[Collection entries]
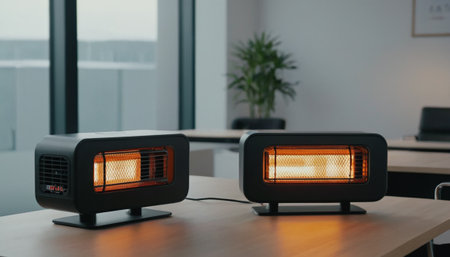 two modern led alarm clocks on table in office. 3d renderingの素材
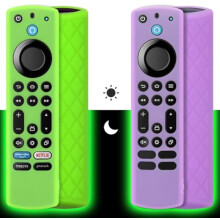 Pinowu Silikon Remote Case (2 pcs, Lyser i mörkret för Firestick 4K Max/Hisense/Toshiba/Insignia/Pioneer/Omni (QLED) Series Alexa (Green + Purple) )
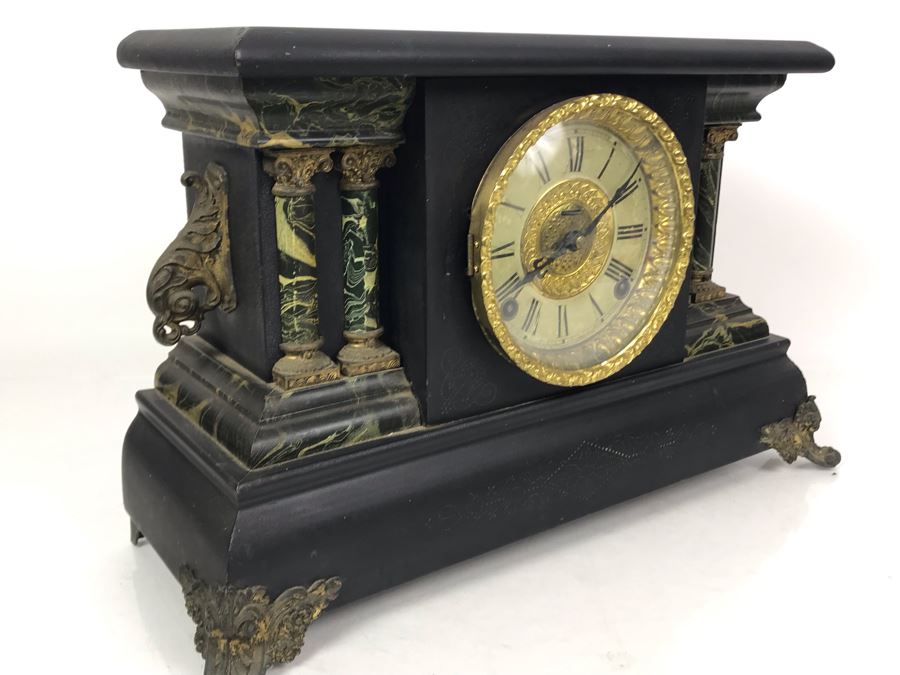 Vintage Working Wooden Faux Marble Mantle Clock By The E. Ingraham Co Bristol, Conn. 17W X 7D X 10.5H [Photo 18]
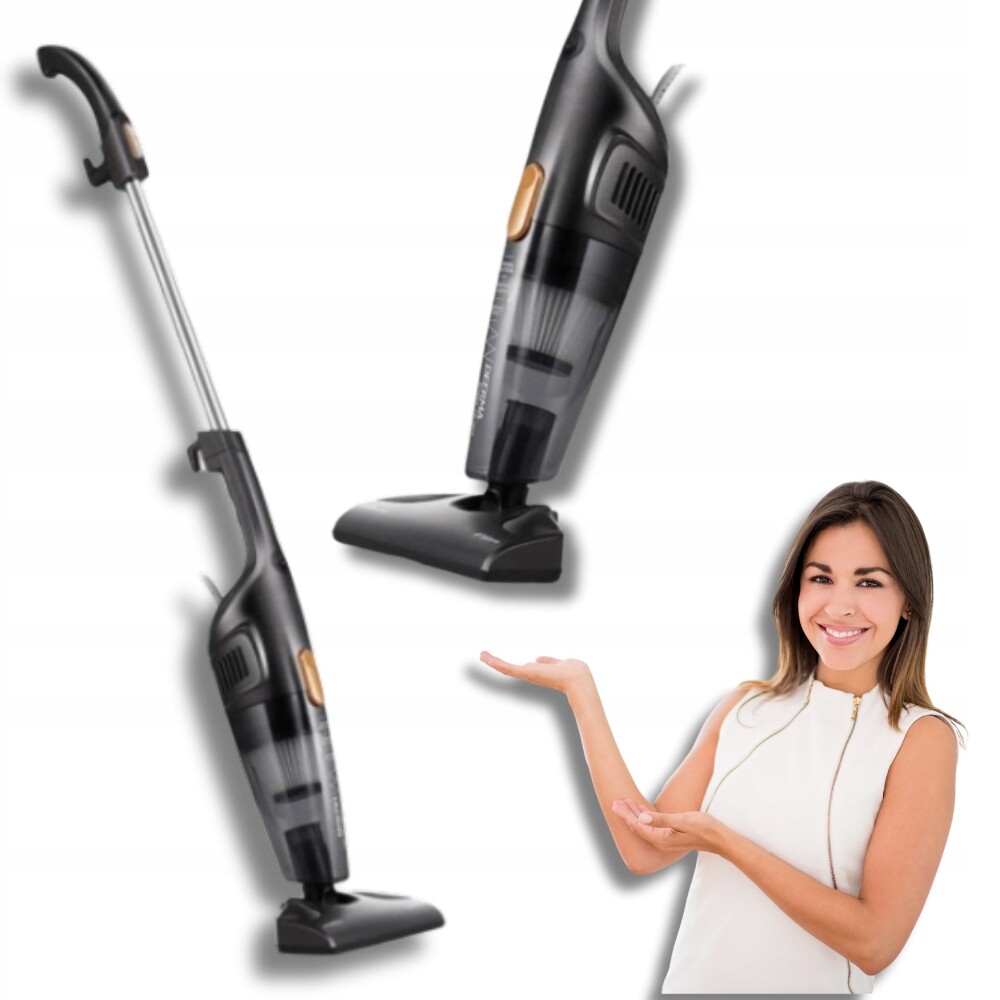 Výkonný Tyčový vysavač domácí ruční vysavač 600 W, kabelový Hepa filtr, Černý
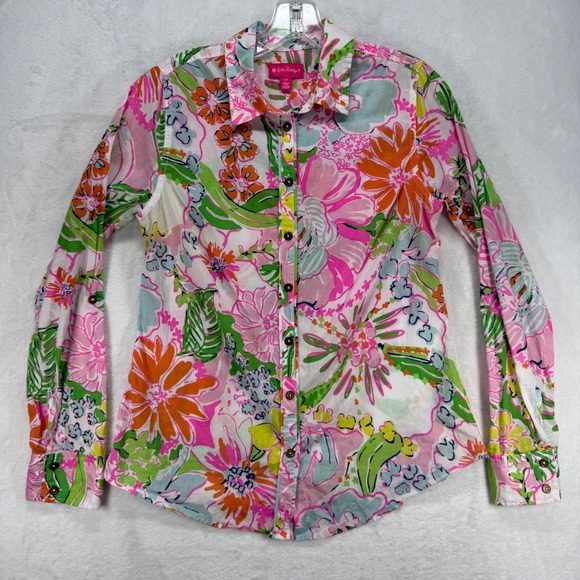 Lilly Pulitzer Target Nosey Posey‎ Floral Button Down Long Sleeve Shirt Small - Picture 1 of 11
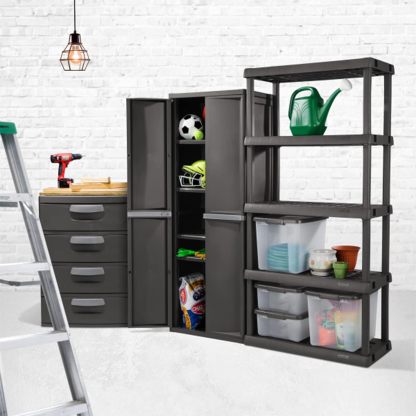 4 Shelf Cabinet, Heavy Duty and Easy to Assemble Plastic Storage Unit, Organize Bins in the Garage, Basement, Attic, Mudroom, Gray, 1-Pack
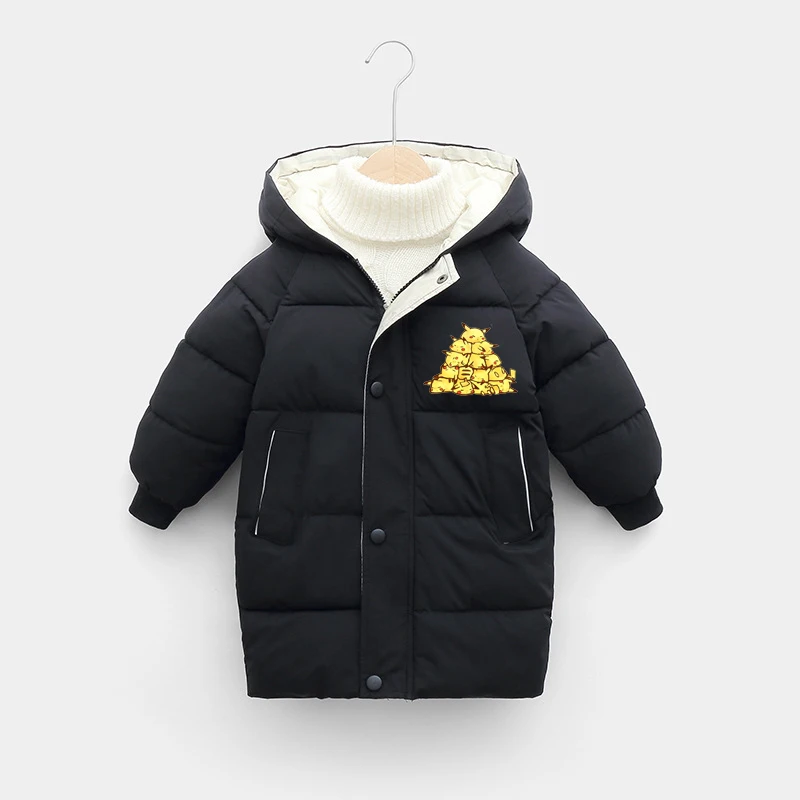 

Teen Girls Winter Jacket Long Slim Fit Solid Color Hooded Warm Fashion Coat for Kids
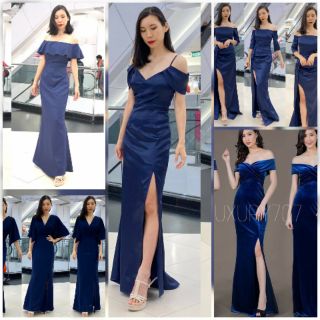 🔴แชทถามสต็อคก่อนจ่ายเงิน🔴MAXIDRESS NAVY S M L XL 2XL.3XL เดรสสั้น เดรสราตรี เดรสไปงาน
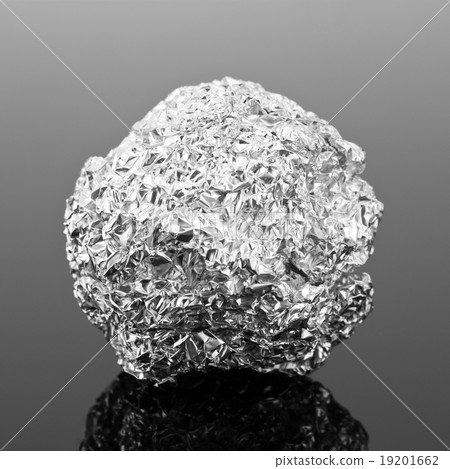 Crumpled silver foil ball Crumpled silver foil ball 19201662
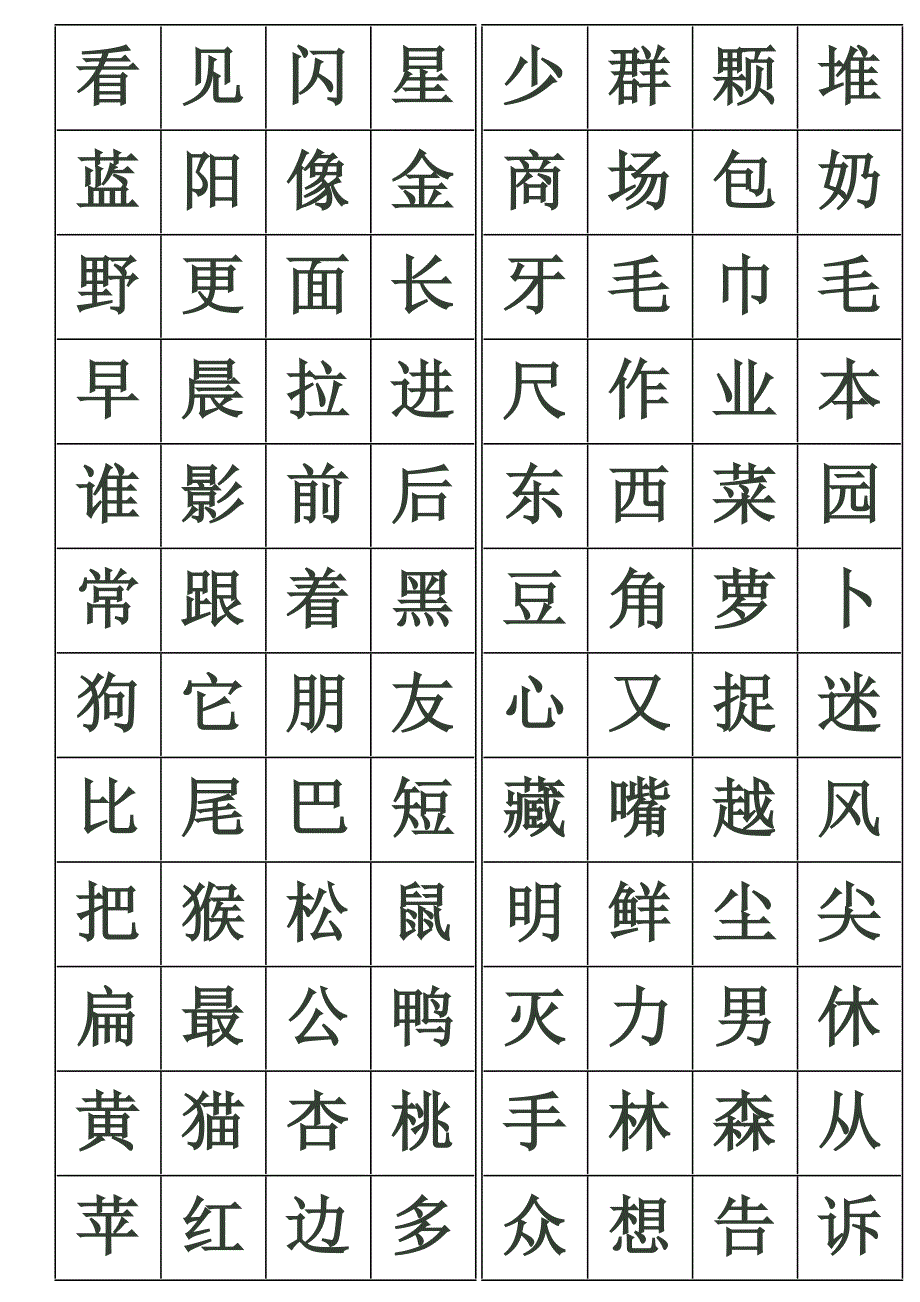 小学一年级生字表A4可打印_第3页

▶ **TASK OBJECTIVE**
Retype only the lines from the one with "4 Shelf Cabinet, Heavy" through the final line of the entries, please, and keep the pictures out.

▶ **ANSWER BELOW**
 4 Shelf Cabinet, Heavy Duty and Easy to Assemble Plastic Storage Unit, Organize Bins in the Garage, Basement, Attic, Mudroom, Gray, 1-Pack

Teen Girls Winter Jacket Long Slim Fit Solid Color Hooded Warm Fashion Coat for Kids
 🔴แชทถามสต็อคก่อนจ่ายเงิน🔴MAXIDRESS NAVY S M L XL 2XL.3XL เดรสสั้น เดรสราตรี เดรสไปงาน
 Crumpled silver foil ball Crumpled silver foil ball 19201662
 小学一年级生字表A4可打印_第3页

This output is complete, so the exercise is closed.